30.06.2010

-

hala yağmurlu hava..tatile çıkamayacağımın farkında sanırım.Yazlıklarımı çıkardım haftasonu, sanki giyebilecekmişim gibi, mini etekler, tiril tiril efil efil etekler,geçen seneden üzerinde deniz tuzu kalmış, rengi solmuş mayolar vs. Giyebildiklerim artık çok sınırlı, belli renkler, belli kesimler ve tek tip ayakkabılar.

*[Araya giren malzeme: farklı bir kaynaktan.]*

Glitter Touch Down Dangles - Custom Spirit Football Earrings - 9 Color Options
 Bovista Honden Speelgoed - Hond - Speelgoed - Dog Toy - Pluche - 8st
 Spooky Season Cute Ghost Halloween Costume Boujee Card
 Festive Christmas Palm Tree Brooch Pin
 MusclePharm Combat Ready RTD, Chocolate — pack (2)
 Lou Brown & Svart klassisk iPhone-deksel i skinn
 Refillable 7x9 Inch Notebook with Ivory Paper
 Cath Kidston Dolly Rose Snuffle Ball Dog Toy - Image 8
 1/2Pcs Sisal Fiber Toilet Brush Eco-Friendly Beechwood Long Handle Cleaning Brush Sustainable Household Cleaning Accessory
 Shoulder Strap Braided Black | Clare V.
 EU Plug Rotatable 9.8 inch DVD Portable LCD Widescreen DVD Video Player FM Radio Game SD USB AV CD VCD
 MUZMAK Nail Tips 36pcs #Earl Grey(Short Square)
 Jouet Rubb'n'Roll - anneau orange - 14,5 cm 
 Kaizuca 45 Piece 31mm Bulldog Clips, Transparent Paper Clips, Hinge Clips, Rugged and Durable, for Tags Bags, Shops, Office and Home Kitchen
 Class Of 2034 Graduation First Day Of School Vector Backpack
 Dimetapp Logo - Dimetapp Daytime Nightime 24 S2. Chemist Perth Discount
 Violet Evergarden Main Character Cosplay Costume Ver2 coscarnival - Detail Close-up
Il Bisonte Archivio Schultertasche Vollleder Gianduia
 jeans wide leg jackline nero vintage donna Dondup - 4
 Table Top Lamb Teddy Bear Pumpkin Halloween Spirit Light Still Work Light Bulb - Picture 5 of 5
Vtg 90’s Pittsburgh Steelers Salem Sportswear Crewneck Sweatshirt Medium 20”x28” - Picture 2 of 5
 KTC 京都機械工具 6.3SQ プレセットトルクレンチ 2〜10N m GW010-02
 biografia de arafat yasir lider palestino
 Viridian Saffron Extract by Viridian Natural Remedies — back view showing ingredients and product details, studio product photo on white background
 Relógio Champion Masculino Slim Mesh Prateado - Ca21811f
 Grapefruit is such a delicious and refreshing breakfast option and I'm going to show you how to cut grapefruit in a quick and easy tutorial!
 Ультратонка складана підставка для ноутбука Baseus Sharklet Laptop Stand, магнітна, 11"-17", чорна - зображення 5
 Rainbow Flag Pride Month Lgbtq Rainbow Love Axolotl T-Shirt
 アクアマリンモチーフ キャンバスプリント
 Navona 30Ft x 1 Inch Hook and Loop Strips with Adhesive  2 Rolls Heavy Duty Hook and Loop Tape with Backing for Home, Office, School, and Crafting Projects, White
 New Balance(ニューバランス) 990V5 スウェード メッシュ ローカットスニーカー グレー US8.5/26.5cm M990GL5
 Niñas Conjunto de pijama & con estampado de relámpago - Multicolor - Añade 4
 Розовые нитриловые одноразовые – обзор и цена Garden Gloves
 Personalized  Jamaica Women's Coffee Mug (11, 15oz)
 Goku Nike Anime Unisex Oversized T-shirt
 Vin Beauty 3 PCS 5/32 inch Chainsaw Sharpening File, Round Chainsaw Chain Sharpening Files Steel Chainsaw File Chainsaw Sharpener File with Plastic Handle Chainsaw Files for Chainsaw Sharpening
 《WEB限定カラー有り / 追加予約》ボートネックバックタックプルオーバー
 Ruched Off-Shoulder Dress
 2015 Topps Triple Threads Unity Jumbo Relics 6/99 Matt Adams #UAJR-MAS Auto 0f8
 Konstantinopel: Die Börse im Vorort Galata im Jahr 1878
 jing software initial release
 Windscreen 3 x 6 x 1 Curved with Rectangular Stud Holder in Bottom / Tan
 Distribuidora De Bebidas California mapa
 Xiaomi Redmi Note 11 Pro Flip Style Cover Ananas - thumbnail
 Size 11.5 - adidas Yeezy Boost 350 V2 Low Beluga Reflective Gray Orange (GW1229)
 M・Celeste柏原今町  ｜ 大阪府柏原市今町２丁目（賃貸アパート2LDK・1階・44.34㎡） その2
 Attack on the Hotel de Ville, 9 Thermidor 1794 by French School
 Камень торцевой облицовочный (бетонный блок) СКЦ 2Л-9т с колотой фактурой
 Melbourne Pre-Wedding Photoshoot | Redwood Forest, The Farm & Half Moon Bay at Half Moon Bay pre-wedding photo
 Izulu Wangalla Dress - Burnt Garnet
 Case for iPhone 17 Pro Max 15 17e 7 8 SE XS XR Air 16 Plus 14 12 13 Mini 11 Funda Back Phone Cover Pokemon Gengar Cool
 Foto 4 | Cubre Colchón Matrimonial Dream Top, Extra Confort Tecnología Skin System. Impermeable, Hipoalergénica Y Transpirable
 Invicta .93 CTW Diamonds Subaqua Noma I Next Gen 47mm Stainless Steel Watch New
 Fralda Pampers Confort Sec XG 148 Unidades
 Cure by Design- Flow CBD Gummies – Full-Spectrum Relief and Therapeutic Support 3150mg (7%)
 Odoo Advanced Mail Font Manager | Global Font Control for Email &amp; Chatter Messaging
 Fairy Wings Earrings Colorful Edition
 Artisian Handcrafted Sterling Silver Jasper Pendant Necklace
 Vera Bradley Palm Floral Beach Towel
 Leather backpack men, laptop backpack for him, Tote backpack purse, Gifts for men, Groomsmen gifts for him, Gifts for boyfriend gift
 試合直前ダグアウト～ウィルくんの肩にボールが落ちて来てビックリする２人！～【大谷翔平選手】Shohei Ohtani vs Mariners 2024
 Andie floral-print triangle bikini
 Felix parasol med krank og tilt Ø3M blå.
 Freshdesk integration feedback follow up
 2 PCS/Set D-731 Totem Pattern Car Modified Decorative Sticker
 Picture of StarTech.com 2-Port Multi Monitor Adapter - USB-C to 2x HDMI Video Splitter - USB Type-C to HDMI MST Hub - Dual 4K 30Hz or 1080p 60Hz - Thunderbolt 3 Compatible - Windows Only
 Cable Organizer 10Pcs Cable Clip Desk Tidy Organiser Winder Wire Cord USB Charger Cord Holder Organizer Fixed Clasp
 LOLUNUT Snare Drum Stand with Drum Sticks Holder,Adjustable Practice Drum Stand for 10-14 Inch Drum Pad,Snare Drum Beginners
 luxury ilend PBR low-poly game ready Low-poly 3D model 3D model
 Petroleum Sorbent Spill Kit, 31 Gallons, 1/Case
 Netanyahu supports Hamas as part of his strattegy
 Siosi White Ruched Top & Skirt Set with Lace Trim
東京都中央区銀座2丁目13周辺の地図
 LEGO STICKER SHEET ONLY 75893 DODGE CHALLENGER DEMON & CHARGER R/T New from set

Tabii ki de unutulmuş kıyafetleri görmenin büyük mutluluğunu yaşadım, sanki üzerinde etiketi duran yeni bir kıyafet almış olmanın zevkiyle eş değer bir şey bu. Geçen seneden unutulan yazlıklar. İstersek o en çok sevdiğimiz kıyafetimiz olsun, en beğenerek aldığımız olsun, farketmez..Unutuyoruz işte.Araya giren 6ayda, mevsimdeki değişiklik bize yaza ait birçok şeyi unutturuyor.Ama bu sene birkaç şeyi unutmadım, unutamadım...güneşten ısınmış rahatsız tahta şezlonglarda yüzümde havlunun iplik izleri çıkana kadar, ağzımda salyayla akşamüstüne kadar uyuyakalmak. Hergün kendimi en az bir kere oraya götürüyorum.Özlüyorum..orayı,orayı unutturmayan şeyleri,orada hiç temelli kalmamama karşın temelli kalmayı özledim.